I'm sure that ferrets kill cleanly so it is probably a quick death, maybe quicker than the gun - after all some rabbits will probably only be maimed by a gun shot and will die in agony.   That other killer, myxymatosis (which we didn't see round here last year thank goodness) is a most cruel death.

But we, here on the farm, have our own hunters.   Our two farm cats, Blackie and Creamy, are great hunters of rabbits and in the Spring they rarely eat any of the food put down for them - and the floor of the hay barn can be littered with the tiny rabbit skins of baby rabbits - they seem to eat every morsel but the skin itself.   But at least they eat their kill.

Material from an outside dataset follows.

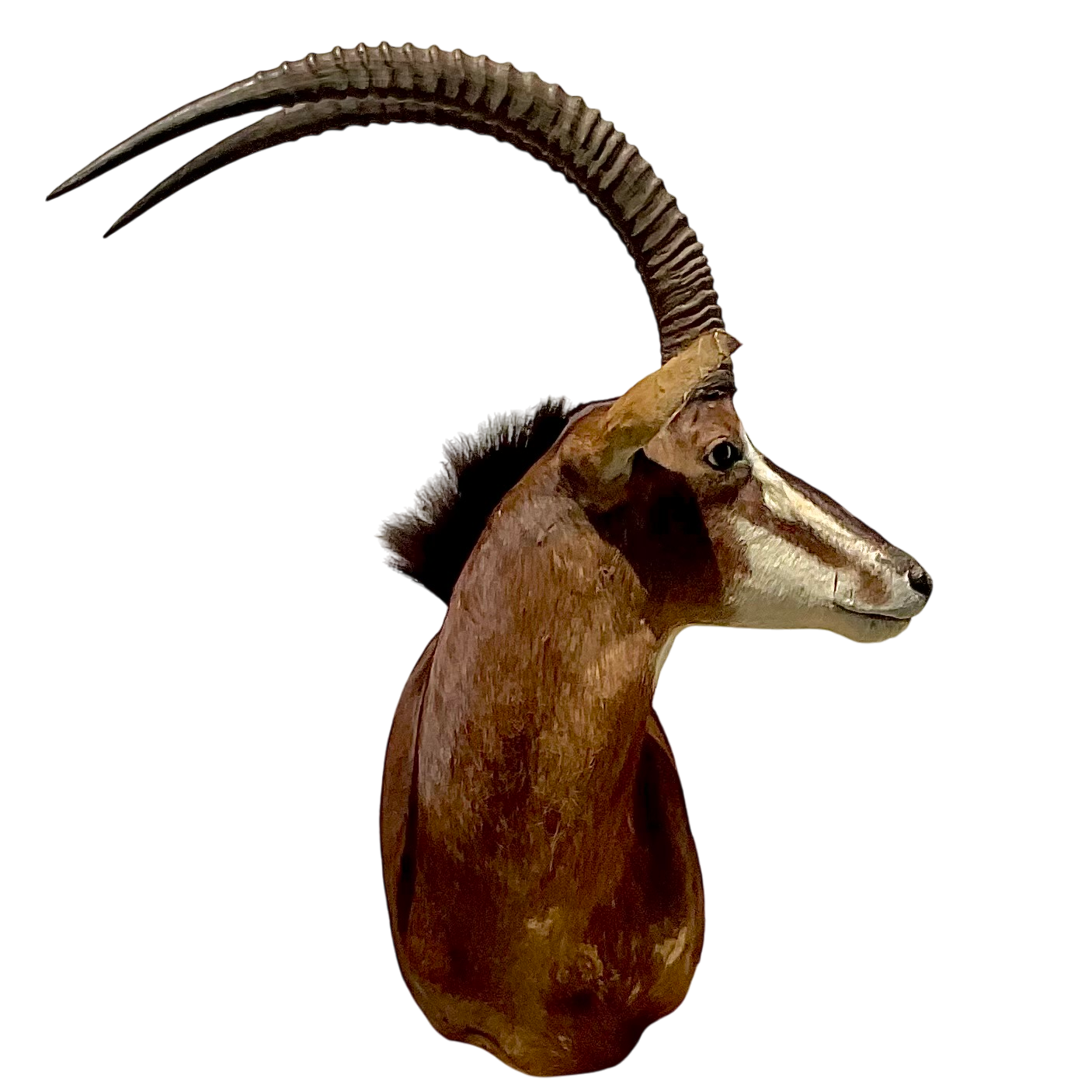 Vintage Boho Taxidermy Wall Mount - Detail view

That other hunter around the farm is the sparrow hawk.   The female comes round most days (she is considerably larger than the male, so it is easy to recognise her).   She will come swiftly, swooping over the holly hedge by the bird table.    Mostly she will get nothing, but now and again there will be the tell- tale feathers of a blue-tit or even a collared dove.   But, again, the death will be swift.

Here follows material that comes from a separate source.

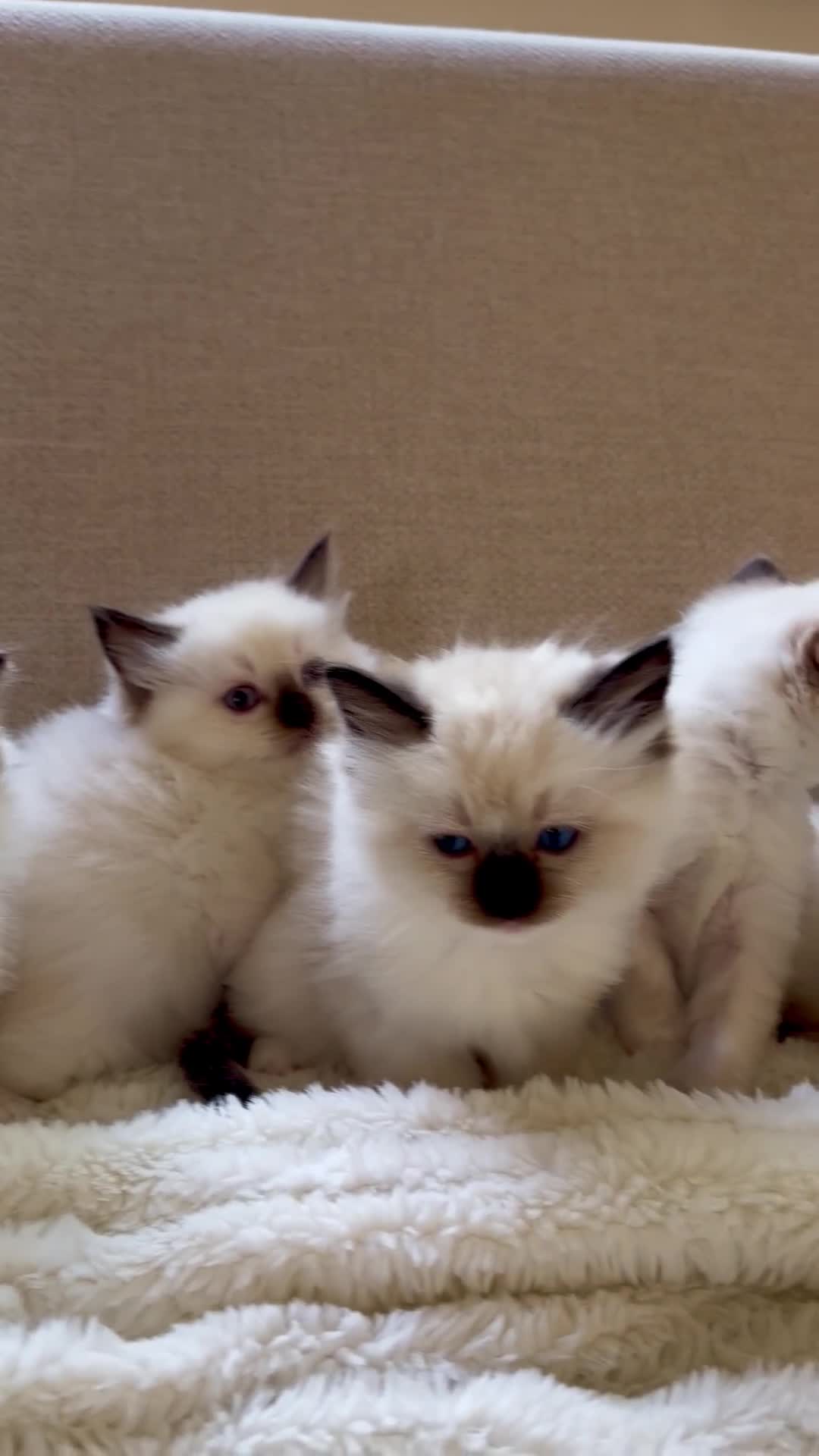 Ragdoll cats for sale: Beautiful Temperament Ragdoll Kittens  - Video 1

John's blog today shows him with a sick egret in his arms yesterday and this morning the bird is dead.  I can't help thinking that a death by any means other than a slow death in a strange place would have been better.   So sad that John couldn't save it though.

9 comments:

Heather said...

I think my reaction to the ferret man would be the same as yours, however I suppose drastic action has to be taken sometimes in order to keep a balance in nature.
Very sad about the egret.

Joanne Noragon said...

I think the egret just closed his eyes and went to sleep.The wear and tear up to that point was rough, however.

angryparsnip said...

I see nature at work everyday.
The beautiful Coopers Hawk swoops fast and picks off the lovely Quail for dinner or flying off with my favorite huge snake that kept some of my pack rats under control.
I read John's blog today and yes I did have tears in my eyes.

cheers, parsnip

Gerry Snape said...

Dad kept his ferrets in a cage at the bottom of the garden......mum hated them!

A Heron's View said...

I agree with your sentiment Anne but even the use of ferrets is better than the use of Myxomatosis.

Cro Magnon said...

I think the Ferrets just chase them out, and into nets. The rabbits are then 'dispatched' with a quick tap on the neck. Rabbits caught this way are usually given to people such as me, who find them delicious.

MorningAJ said...

As long as the rabbits get eaten I think I don't mind about keeping their numbers down. If they're just thrown away I don't approve.

Mac n' Janet said...

I've always thought that as long as the hunter, be they animal or human eat their prey I'm fine with that. I hate the idea of killing for sport.

Tom Stephenson said...

Ideally, the ferret will drive a rabbit out of the hole and into the net, where it will be killed quickly by the man/woman/boy/girl who set the net.

Hawks do not always kill quickly for fear of losing an eye - they will peck away until the job is done.